The Chromosome and Plant Cell Division in Space-4 (CHROMEX-4) payload consisted of three scientific experiments. They are plant reproduction studies which are a reflight of the CHROMEX-3 experiment; plant cell developmental studies which carry the studies of CHROMEX-1 and CHROMEX-2 to another plant species; and cell wall formation and gene expression studies. The CHROMEX-4 payload also provided the opportunity to evaluate a new nutrient support system developed at Washington State University.
The anticipated science benefits may lead to new strategies to manipulate and exploit the effect of gravity in plant growth, development, biochemistry and biotechnology. Such understandings will directly benefit the agriculture, horticulture and forestry industries which depend upon plant growth for their products.
The plants being studied on CHROMEX-4 were mouse-ear cress (Arabidopsis thaliana) and a strain of wheat (Triticum aestivum). Arabidopsis is a small, fast-growing plant widely studied by plant scientists. It is found in the wild and cultivated for research. This plant did self-pollinate during the 9-day mission and began producing seeds. Scientists investigated the effects of the microgravity environment on seed production and seed forming structures of the plants.

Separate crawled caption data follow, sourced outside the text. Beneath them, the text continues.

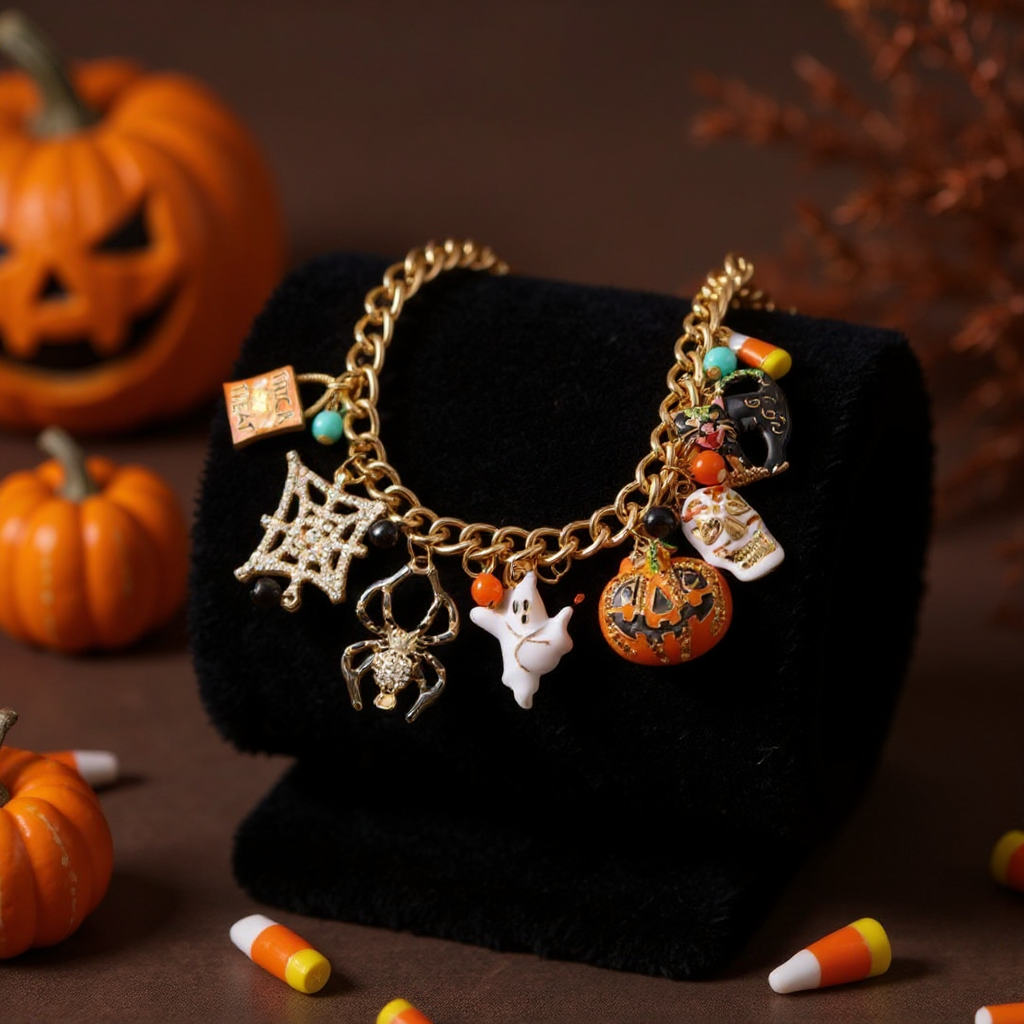 Not Your Average Halloween Charm Bracelet on Gold Chain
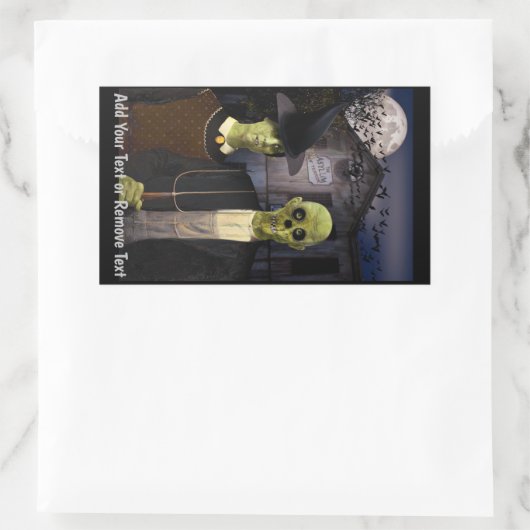 American Gothic Halloween Haunted House Rechthoekige Sticker (Tas)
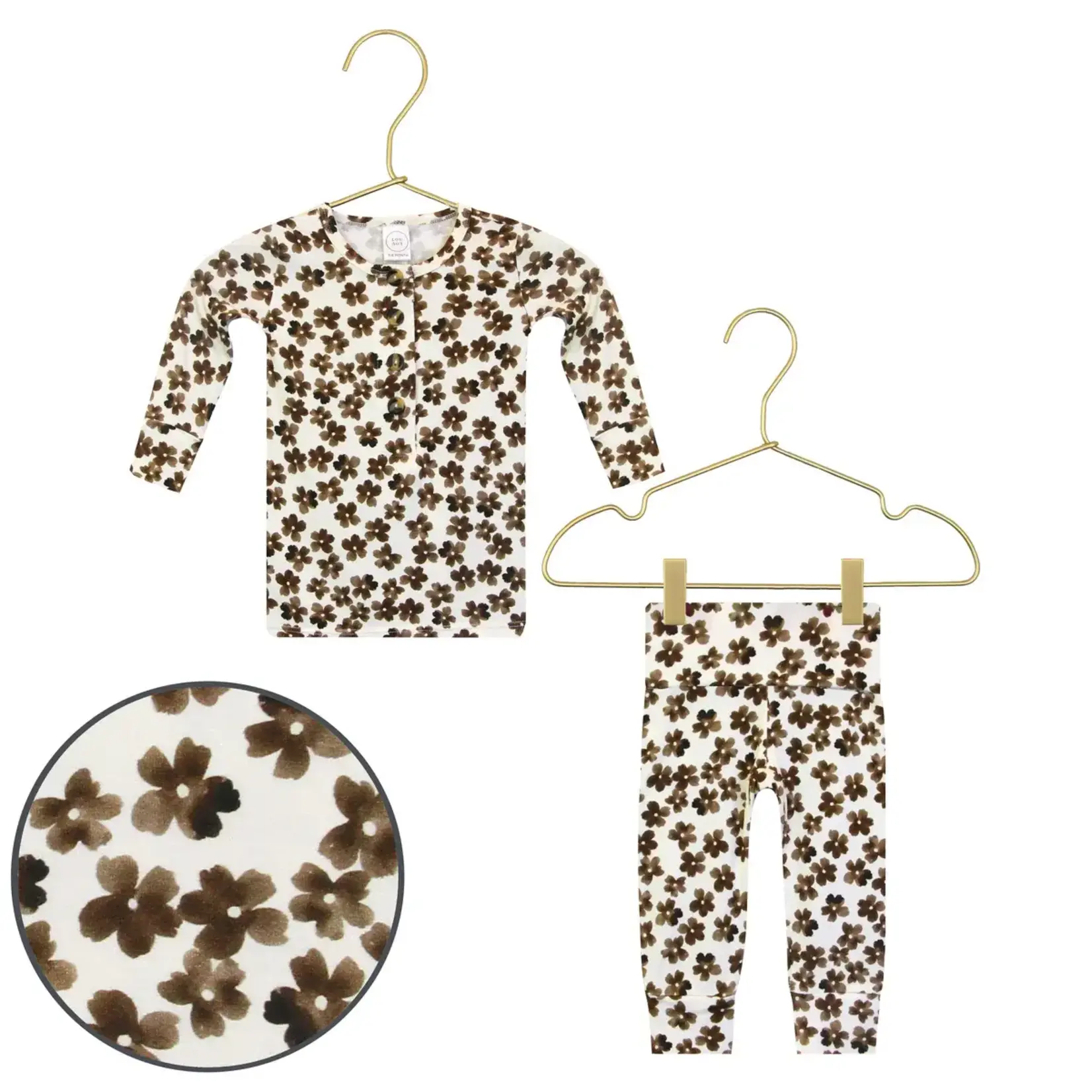Lou Lou and Company Top + Bottoms Set - Sloane (brown flower)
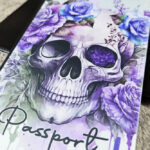 skull purple roses gothic passport & credit card holder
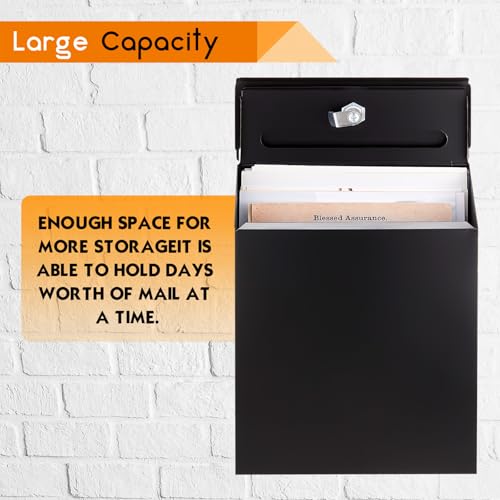 Image of Tandefio Wall Mount Mailbox for Outside, Large Capacity Rust-Proof Mail Box with Stay-Open Lid & Red Flag Reflective Sticker Keys Kit, Post Box for House Outside, 11.4 inchx8.7 inchx2.6 inch, Black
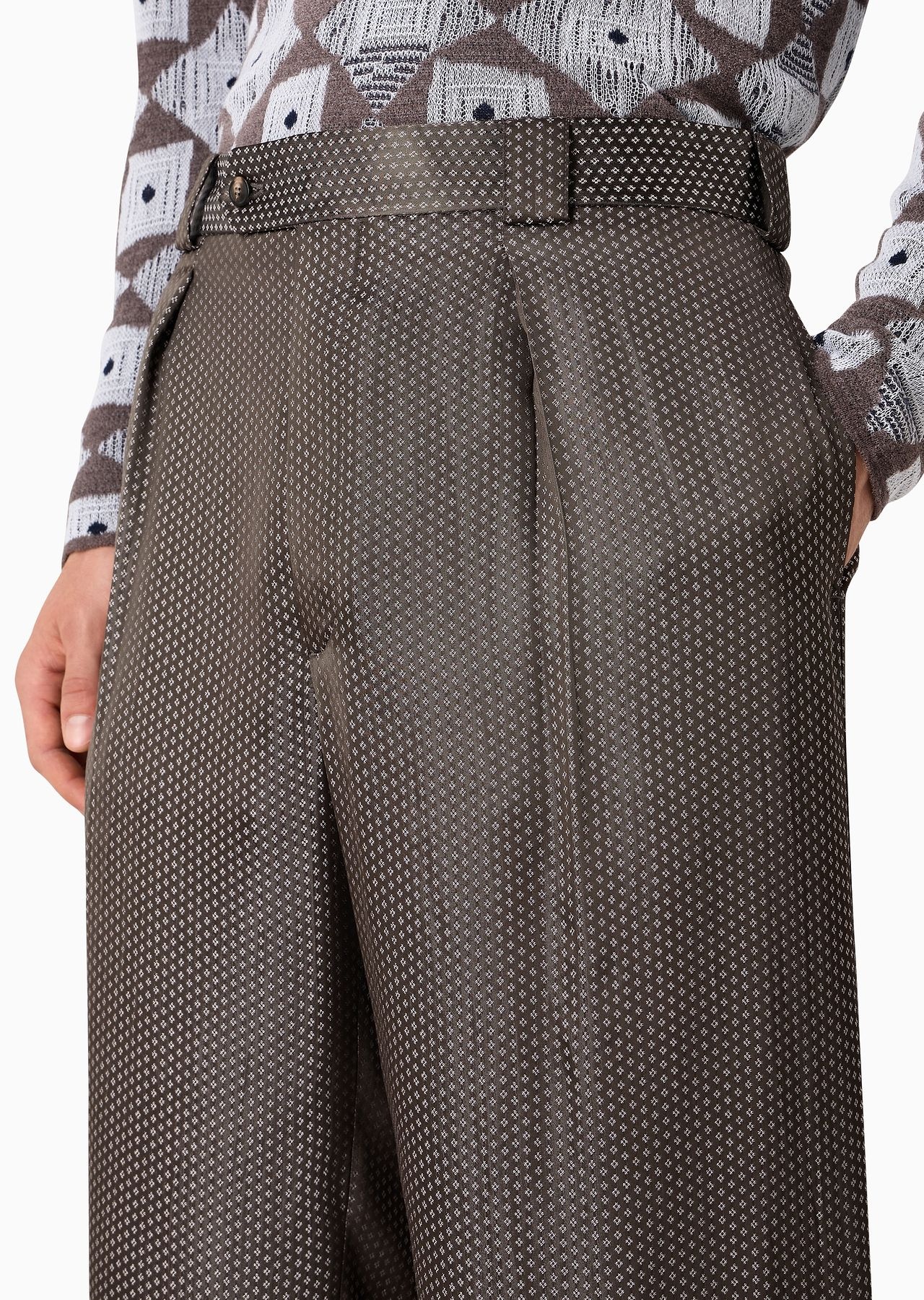 ASV viscose-blend jacquard single-pleat trousers - 5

On board, Mission Specialist James Newman donned a special visor to perform a medical experiment testing vision in weightlessness as part of investigations into how vision compensates for the inner ear's lack of balance in space. James Newman also successfully tested a Global Positioning System receiver flying aboard Discovery as an evaluation of using such equipment to supplement the shuttle's navigation. Also, in a precursor of space station operations, one of Discovery’s fuel cells was turned off and restarted.

In another medical evaluation, Commander Frank Culbertson and Mission Specialist Daniel Bursch rode a stationary bike on Discovery’s lower deck as part of a continuing study of using exercise to counteract the effects of weightlessness on the body. The crew also powered up an experiment that looks at improving membrane filters in weightlessness and checked on another experiment that has been running well studying the effects of microgravity on plant cells.

Astronauts Carl Walz and James Newman operated the experiments designed to study the glowing effect, one a spectrometer that records the effect on film in fine detail and another that records the effect on still photographs. The experiments are hoped to provide information about just what types of gases – in addition to atomic oxygen – create the glow. The information on kinds of gases in the extreme reaches of the atmosphere may be coupled with the materials exposure experiment in the cargo bay to assist with the design and construction of future spacecraft.

Due to clouds and high winds around the Kennedy Space Center the landing was delayed for 24 hours.